Assim, no caso dos autos, podemos avançar as seguintes conclusões, de acordo com a jurisprudência há muito firmada nos tribunais tributários: porque a liquidação adicional de IRC tem por fundamento o não reconhecimento pela AT de uma parcela do valor de aquisição (a respeitante às despesas declaradas com a realização das benfeitorias), compete à AT fazer prova de que estão verificados os pressupostos legais que legitimam a sua actuação, ou seja, demonstrar a existência de indícios sérios de que a transmissão das benfeitorias cujo valor integra o valor de aquisição não ocorreu; feita essa prova, recai sobre o Contribuinte o ónus da prova da existência dessa transmissão, que alegou como fundamento do seu direito de ver tais custos relevados negativamente no apuramento das mais-valias e, consequentemente, na sua matéria tributável; neste caso, não bastará ao Contribuinte criar dúvida sobre a sua veracidade, ainda que fundada, pois neste caso o art. 121.º do CPT não tem aplicação; na verdade, o ónus consagrado nesse preceito legal contra a AT (de que a dúvida quanto à existência e quantificação do facto tributário deve ser decidida contra a AT: in dubio contra Fisco) apenas existe quando seja esta a afirmar a existência dos factos tributários e respectiva quantificação e não quando, como in casu, é ao Contribuinte que compete demonstrar a existência dos factos em que se funda o seu direito de ver determinados custos relevados negativamente no apuramento das mais-valias e, consequentemente, do seu lucro tributável.

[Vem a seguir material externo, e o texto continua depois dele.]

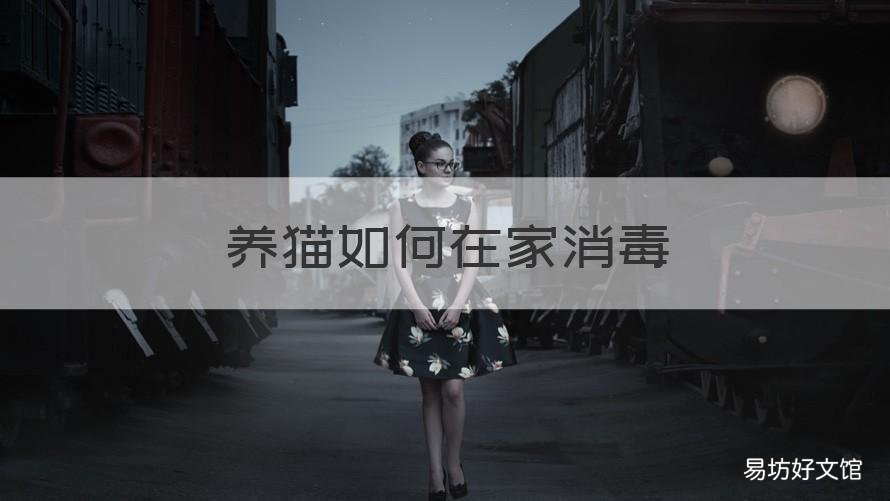 养猫如何在家消毒 养猫如何在家消毒杀菌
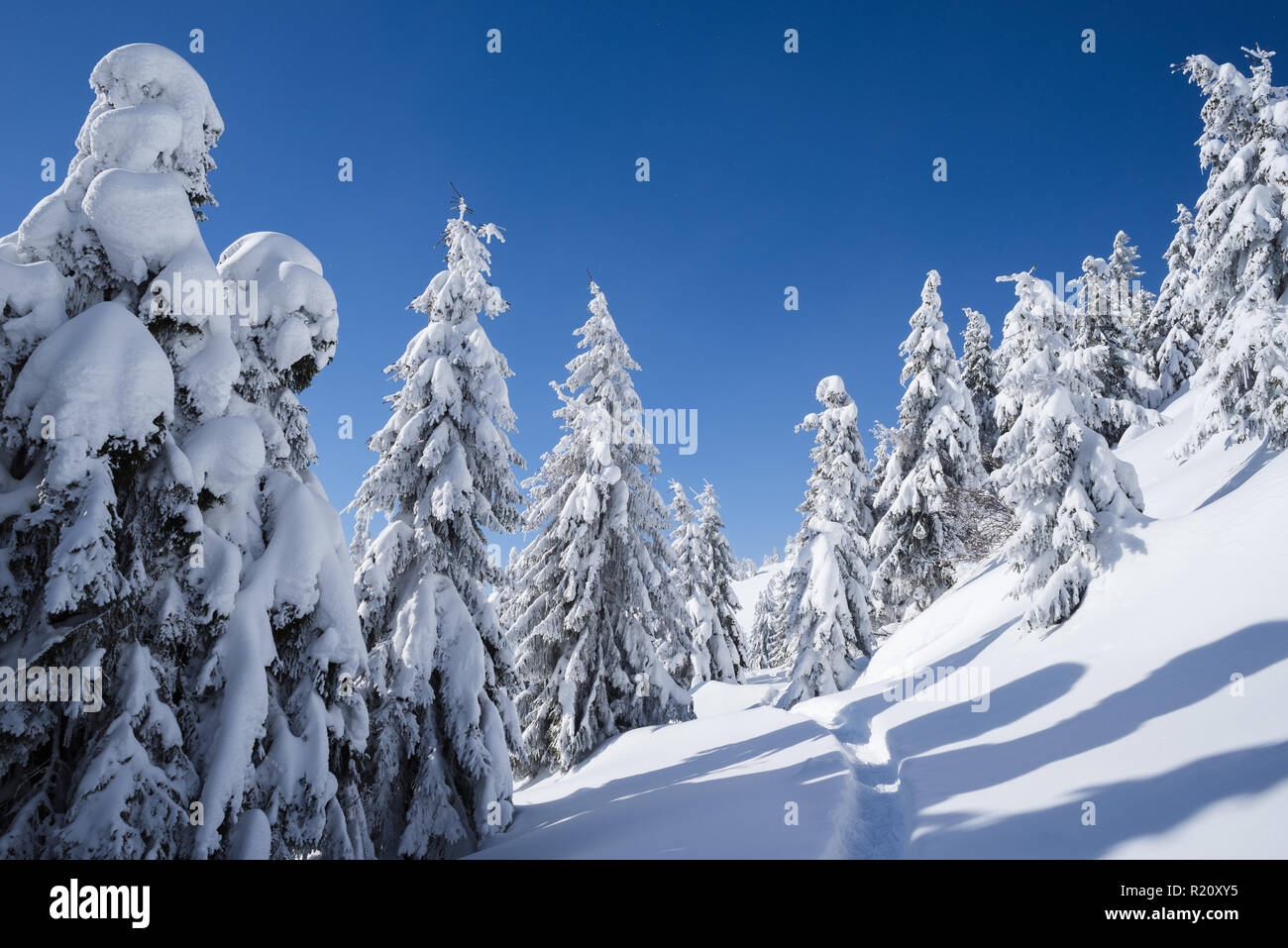 Winter wonderland Hintergrund. Frosty sonniger Tag im Bergwald Fichte. Verschneite Bäume und Fußweg im Schnee. Strahlend blauer Himmel Stockfoto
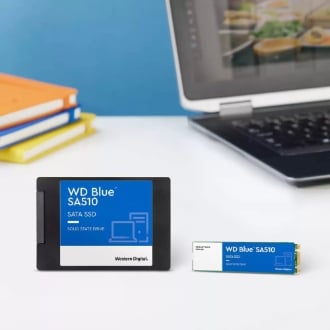 Disco SSD WD Blue SA510 1TB M.2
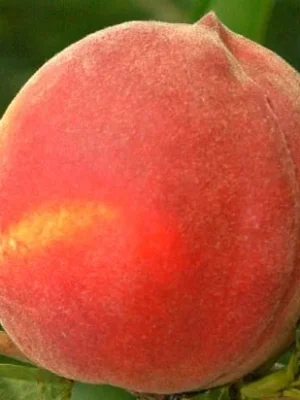Plod voćne sadnice Breskve Red Top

Daí que tenhamos dito que à AT basta demonstrar a verificação dos “factos-índice” (indícios objectivos e credíveis) que, conjugados uns com os outros e apreciados à luz das regras da experiência, lhe permitiram concluir que a transmissão em causa não ocorreu, Se o fizer, estará materialmente fundamentada a decisão administrativa de desconsiderar as despesas em causa como parte integrante do valor de aquisição a utilizar no apuramento das mais-valias e, consequentemente, estará ilidida a presunção de veracidade da escrita, consagrada à data no art. 78.º da CPT. É este mesmo artigo que refere que a presunção nele consagrada pode ser afastada, designadamente, pela verificação de «outros indícios fundados de que ela não reflecte a matéria tributável efectiva do contribuinte» (Ou seja, apesar de estarmos perante uma presunção legal, para ela ser ilidida não é necessária prova em contrário – diversamente do que, geralmente, se exige relativamente às presunções deste tipo (cfr. art. 350.º, n.º 2, do CC), pois o art. 78.º, in fine, do CPT estabelece, com carácter especial, regime diverso de ilisão da presunção.).

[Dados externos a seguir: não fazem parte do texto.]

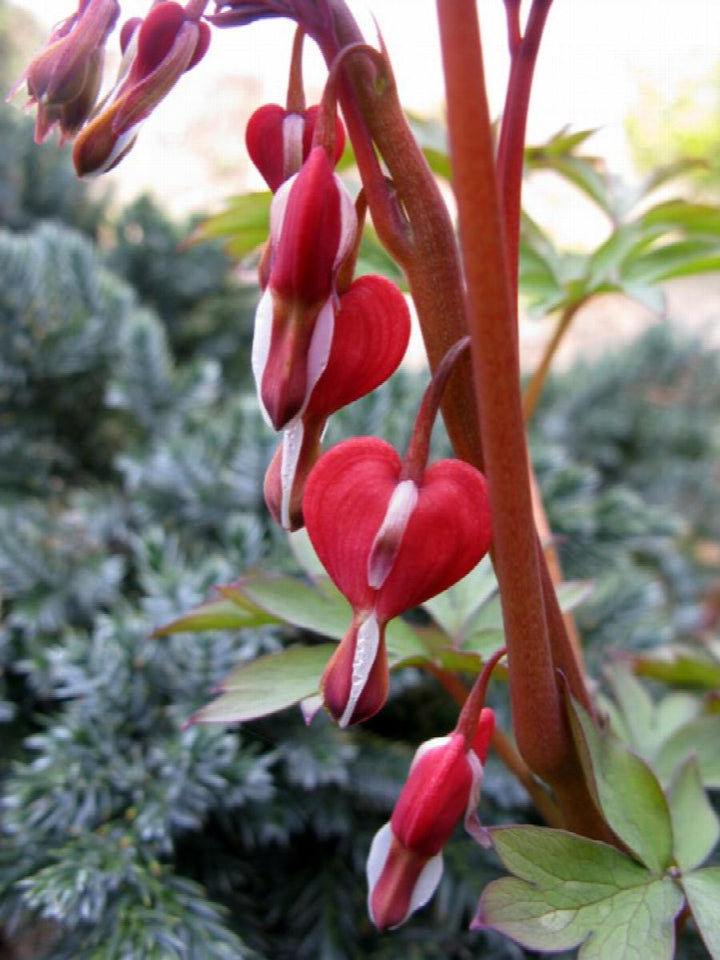 Valentine® Bleeding Heart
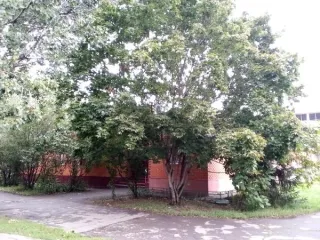 Продажа имущества, находящегося в собственности города Москвы, нежилое помещение по адресу: г. Москва, ул. Верхние Поля, д. 42, корп. 2, площадью 13,3 кв. м (этаж № 1), кадастровый номер: 77:04:0004028:10830 Продажа имущества, находящегося в собственности города Москвы, нежилое помещение по адресу…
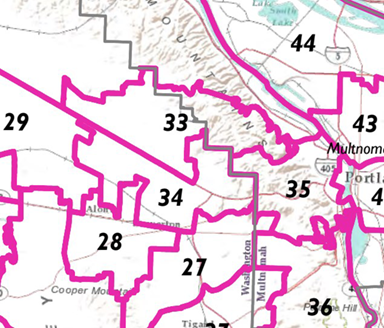 Redistricting map B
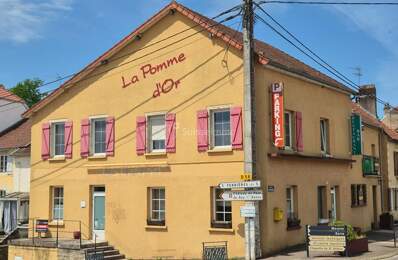 Grande Maison bord de Saône 10 pièce(s) 550 m2  avec terrasse et Parking — photo du bien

No caso sub judice a AT entendeu que no caso existiam indícios fundados de a transmissão desses direitos sobre as benfeitorias não ocorreu, quais sejam a mesma não ser mencionada nas escrituras por que o Contribuinte transmitiu os seus direitos de arrendamento para a referida sociedade.
Por seu turno, o Tribunal Central Administrativo Sul ratificou esse entendimento, não questionando a suficiência ou a objectividade desses indícios e admitindo os mesmos como bastantes para legitimar a actuação da AT, de desconsiderar como integrando o custo de aquisição dos activos transmitidos (direitos de arrendamento relativos a diversas agências) as despesas suportadas pelo Contribuinte com a realização de obras de adaptação dos locados.

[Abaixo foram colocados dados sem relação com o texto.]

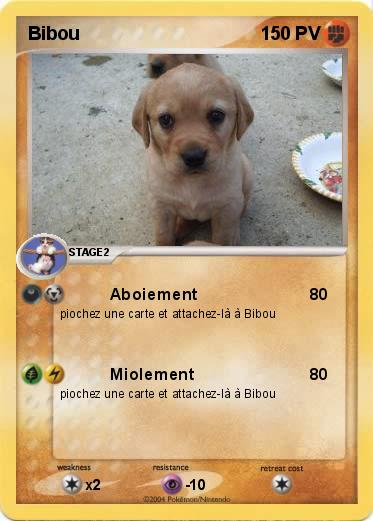 Pokemon Bibou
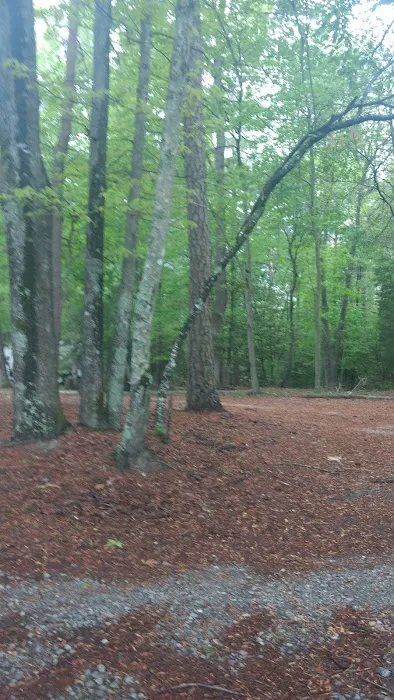 R & D Family Campground Picture 9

Na verdade, o Tribunal Central Administrativo Sul afirma, por remissão para a sentença, que o entendimento da AT não merece censura, sendo que, apesar do Impugnante sustentar que «ao alienar à dita “J……………….” todos os activos inerentes aos balcões utilizados por si, transferiu, não só a sua posição de arrendatário, como também todos os seus pertences corpóreos, constituídos pelas melhorias introduzidas nos arrendados», «não é isso que decorre das escrituras referidas no ponto n.º 8 do probatório», sendo que «[d]estas extrai-se que o impugnante aliena apenas a posição contratual que lhe adveio no contrato locativo e pelo preço aí referido».
Dito isto, resta-nos afirmar que, podendo embora este Supremo Tribunal Administrativo, nos termos que ficaram referidos, sindicar a aplicação das regras do ónus da prova efectuada pelo Tribunal a quo, já não pode sindicar o juízo por este efectuado de que a AT estava legitimada para actuar, ou seja, de que os indícios por ela recolhidos são suficientes para afastar a presunção do art. 78.º do CPT. Estamos, no que a este juízo respeita, perante um verdadeiro juízo de facto, o qual, como deixámos já referido, se situa fora do âmbito dos poderes de cognição que no caso assistem a este Supremo Tribunal. Na verdade, a formulação deste juízo sobre a existência de indícios sérios de que a transmissão não ocorreu é um mero juízo de facto, pois para sua formulação não é necessário interpretar normas jurídicas ou fazer utilização da sensibilidade jurídica dos julgadores, mas apenas aplicação de regras da vida e da experiência comum.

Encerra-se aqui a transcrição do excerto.